The Linji school was also transmitted to Japan several times, where it is the Rinzai school.

== Pure Land Buddhism ==
Unlike the other Buddhist lineages, Pure Land Buddhism does not maintain a strict linear line of succession based on direct master-disciple relationship. Instead, various Pure Land Buddhist authors have developed lists of important Pure Land masters who have been acknowledged throughout history as having furthered the Pure Land tradition either through new insights, or by spreading of the teachings. Such teachers rarely lived at the same time as other "patriarchs" in the list. Nevertheless, their writings and contributions are considered to form a single continuum of Pure Land teaching and practice.

=== Chinese ===

Chinese Buddhism commonly relies on the following list of Pure Land patriarchs:
1. Lushan Huiyuan (334-416)
2. Shandao (613-681)
3. Chengyuan (承遠, 712-802)
4. Fazhao (法照, dates unknown)
5. Shaokang (少康, d. 805)
6. Yongming Yanshou (永明延壽, 904-975)
7. Shengchang (省常, 959–1020)
8. Yunqi Zhuhong (雲棲袾宏1535-1615)
9. Ouyi Zhixu (蕅益智旭1599–1655)
10. Xingce (行策, 1628–1682)
11. Shixian (實賢, 1686–1734)
12. Jixing Chewu (際醒徹悟, 1741–1810)
13. Shi Yinguang (釋印光, c. 1861–1940)

=== Japanese ===
In Jōdo Shinshū and Jōdo Shū Buddhist traditions, "Patriarch" refers to seven Indian, Chinese and Japanese masters leading up to the founder of their respective schools. Both traditions agree with the list of patriarchs up to Genshin.

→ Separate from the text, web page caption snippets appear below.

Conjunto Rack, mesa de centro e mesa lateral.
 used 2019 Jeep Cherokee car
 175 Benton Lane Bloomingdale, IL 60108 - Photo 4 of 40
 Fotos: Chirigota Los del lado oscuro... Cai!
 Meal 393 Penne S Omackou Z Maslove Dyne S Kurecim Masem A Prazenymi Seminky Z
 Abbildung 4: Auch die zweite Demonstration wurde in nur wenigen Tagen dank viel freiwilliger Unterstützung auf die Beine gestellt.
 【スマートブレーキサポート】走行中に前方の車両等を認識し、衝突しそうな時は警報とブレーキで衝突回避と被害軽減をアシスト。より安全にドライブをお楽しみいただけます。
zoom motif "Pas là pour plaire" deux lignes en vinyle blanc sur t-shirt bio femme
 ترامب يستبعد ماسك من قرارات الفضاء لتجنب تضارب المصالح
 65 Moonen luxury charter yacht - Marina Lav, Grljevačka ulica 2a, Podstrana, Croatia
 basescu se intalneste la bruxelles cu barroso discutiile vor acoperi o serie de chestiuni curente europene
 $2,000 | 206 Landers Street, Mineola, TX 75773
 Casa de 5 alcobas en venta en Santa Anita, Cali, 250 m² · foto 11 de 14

The Japanese patriarchal listing is as follows:
| Name | Dates | Japanese name | Country of origin | Contribution |
| Nagarjuna | 150–250 | Ryūju (龍樹) | India | First one to advocate the Pure Land as a valid Buddhist path. |
| Vasubandhu | ca. 4th century | Tenjin (天親) or Seshin (世親) | India | Expanded on Nagarjuna's Pure Land teachings, commentaries on Pure Land sutras. |
| Tan-luan | 476–542(?) | Donran (曇鸞) | China | Developed the six-syllable nembutsu chant commonly recited, emphasized the role of Amitabha Buddha's vow to rescue all beings. |
| Daochuo | 562–645 | Dōshaku (道綽) | China | Promoted the concept of "easy path" of the Pure Land in comparison to the tradition "path of the sages". Taught the efficacy of the Pure Land path in the latter age of the Dharma. |
| Shandao | 613–681 | Zendō (善導) | China | Stressed the importance of verbal recitation of Amitabha Buddha's name. |
| Genshin | 942–1017 | Genshin (源信) | Japan | Popularized Pure Land practices for the common people, with emphasis on salvation. |
| Hōnen | 1133–1212 | Hōnen (法然) | Japan | Developed a specific school of Buddhism devoted solely to rebirth in the Pure Land, further popularized recitation of name of Amitabha Buddha in order to attain rebirth in the Pure Land. A patriarch in the Jōdo Shinshū tradition only. |

==Tibetan Buddhism==
The 14th Dalai Lama, in the foreword to Karmapa: The Sacred Prophecy states:Within the context of Tibetan Buddhism, the importance of lineage extends far beyond the ordinary sense of a particular line of inheritance or descent. Lineage is a sacred trust through which the integrity of Buddha's teachings is preserved intact as it is transmitted from one generation to the next. The vital link through which the spiritual tradition is nourished and maintained is the profound connection between an enlightened master and perfectly devoted disciple. The master-disciple relationship is considered extremely sacred by all the major schools of Tibetan Buddhism.

===Karma Kagyu===

====Possession of lineage====
Wallace renders into English a citation of Karma Chagme (fl. 17th century) that contains an embedded quotation attributed to Nāropā (956–1041 CE):

The crucial, primary qualification of a spiritual mentor is stated by Naropa, "The qualification of a spiritual mentor is that he possesses the lineage."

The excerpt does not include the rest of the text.